## WHAT IS REQUIRED
Output all the data exactly. Pictures do not belong in the copy.

## GIVEN DATA
--------

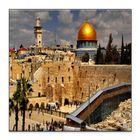 jerusalem life আইকন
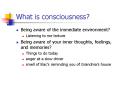 What is consciousness? PowerPoint PPT Presentation
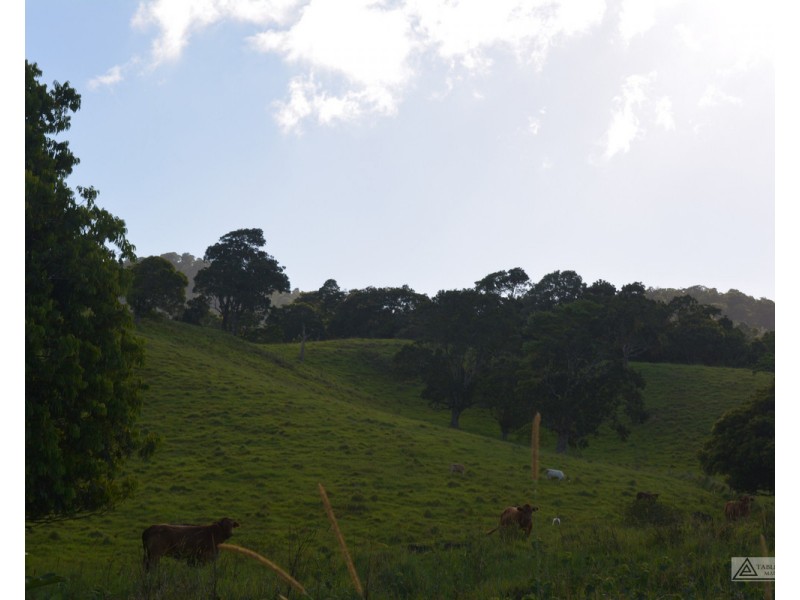 Millaa Millaa QLD 4886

--------

## ANSWER BOX
 jerusalem life আইকন
 What is consciousness? PowerPoint PPT Presentation
 Millaa Millaa QLD 4886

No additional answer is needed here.